Lord Talbot
Christopher Rice Mansel Talbot FRS (10 May 1803 – 17 January 1890) was a Welsh landowner, industrialist and Liberal politician. He developed his estate at Margam near Swansea as an extensive ironworks, served by railways and a port, which was renamed Port Talbot. He served as a Member of Parliament for Glamorgan constituencies from 1830 until his death in 1890, a sixty-year tenure which made him the longest serving MP in the nineteenth century. He was Lord Lieutenant of Glamorgan, from 1848 to 1890.
Talbot recognised that improved transport could stimulate industrial growth, and as Member of Parliament he introduced a Bill in 1834 to improve the old harbour at Aberavon; two years later, a further Bill provided for the harbour's expansion and a change of name to Port Talbot in his honour. He also encouraged the development of Swansea docks, and pioneered the introduction of railways to south Wales, being chairman and a shareholder in the South Wales Railway Company, which was acquired by the Great Western Railway in 1863, with Talbot joining the board of the GWR.

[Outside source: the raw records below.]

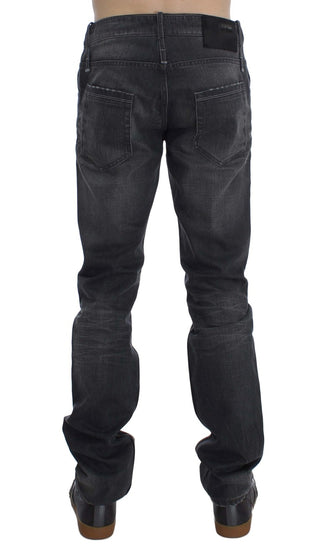 Graue Baumwoll-Jeans mit niedriger Leibhöhe, Regular Fit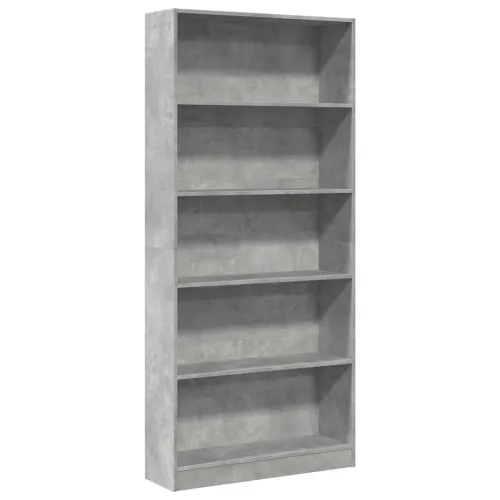 Regal za knjige siva boja betona 80x24x176 cm konstruirano drvo - Beton siva 1 176 cm 80 cm Cijena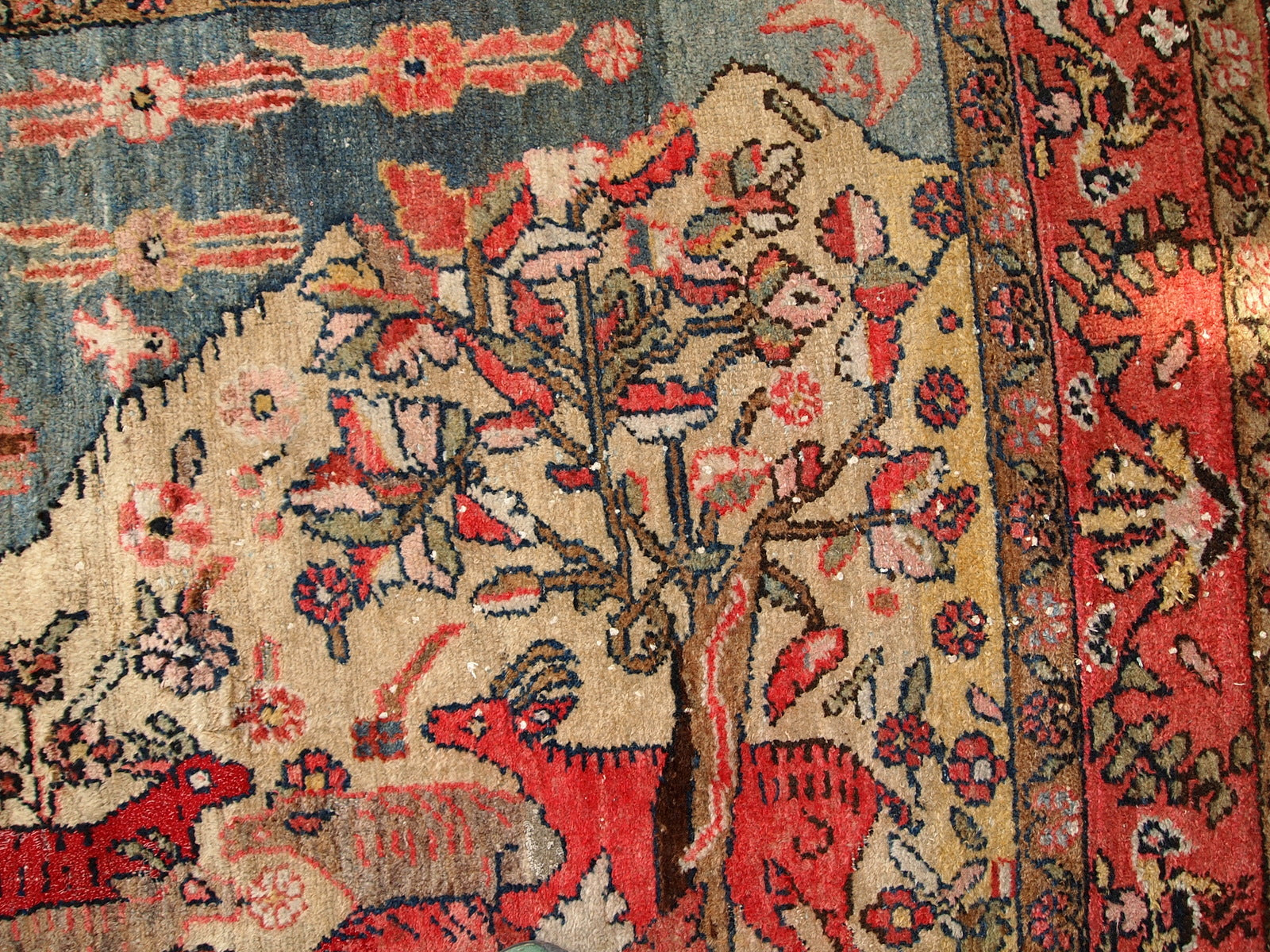Handmade antique Persian Malayer rug 3.9' x 6' (120cm x 184cm) 1920 - 1C248 - One Royal Art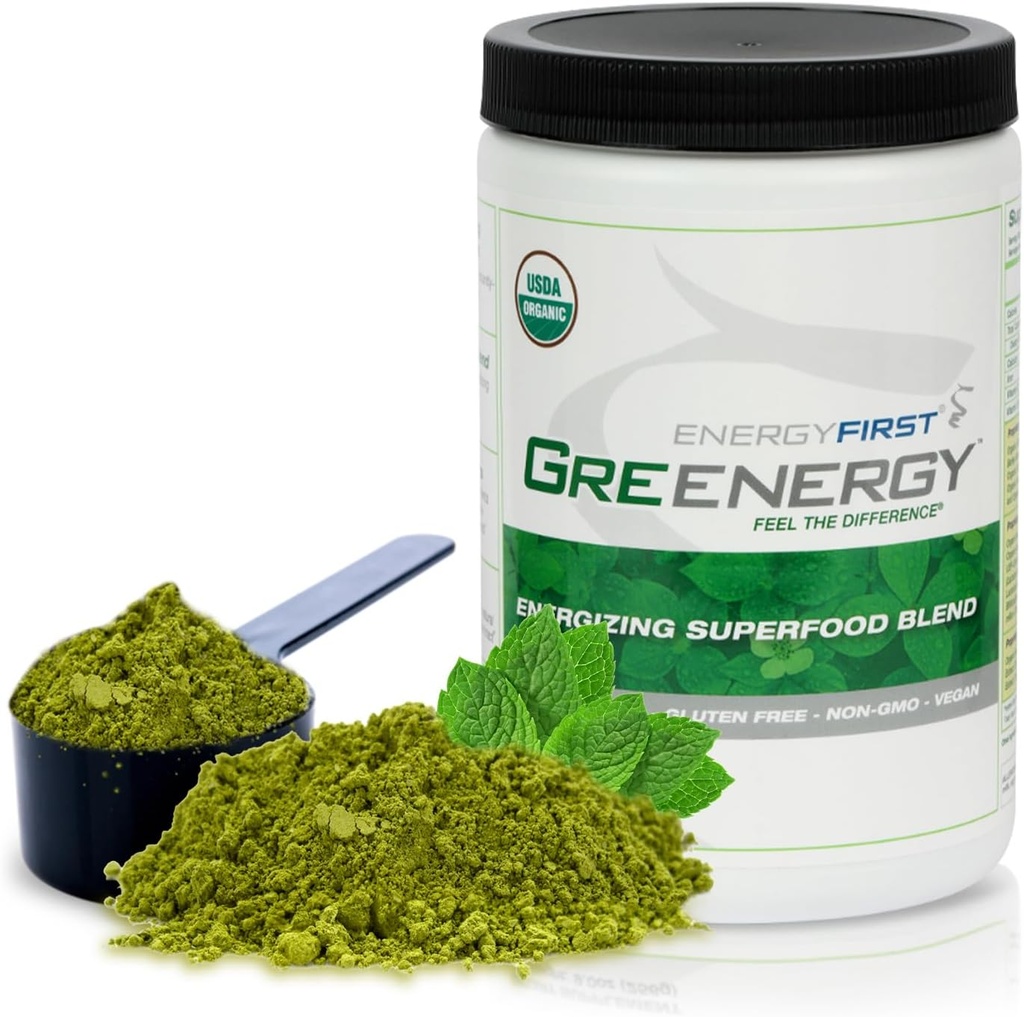 EnergyFirst Energize and Detoxify Greenergy Organic Superfood Powder - Vegan, Gluten-Free, Sugar-Free, Non-GMO - 30 Serve per l'energia quotidiana e l'immunità Boost!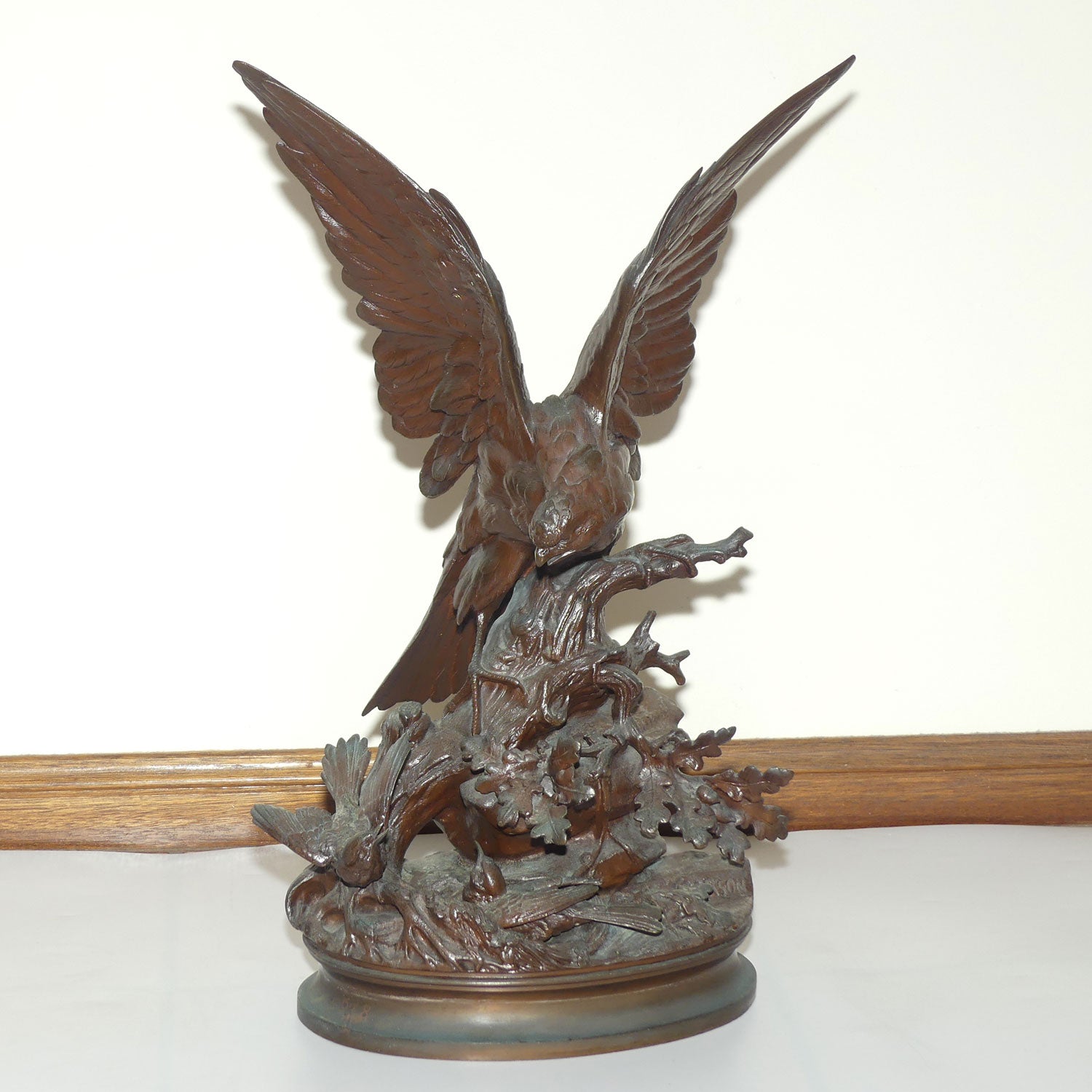 Bronze of an Eagle with Wings Outstretched and Egrets by Alphonse-Alexandre Arson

Talbot also invested in the area's extractive and metal production industries. The Port Talbot ironworks opened in early 1831, part of the industrialisation then taking place across South Wales; copper had been smelted at nearby Neath since 1584, and there were tinworks and ironworks at Pontardawe.
In the development of the town to be named after him, it said that Talbot made a covenant that no public house should be built on the land he owned between the two rivers, the River Afan (with its boundary to Aberavon) and the River Ffrwdwylit at Taibach.
This appears to be confirmed by the fact that it was only possible to have an alcoholic drink at the Grand Hotel located near the railway station. It also perhaps explains why a number of clubs sprung up in Station Road, which allowed their members to have a drink on Sundays up to 1961 when the licencing law was repealed.
The face of Port Talbot has changed over the years but there is stlll no pubs in the town centre.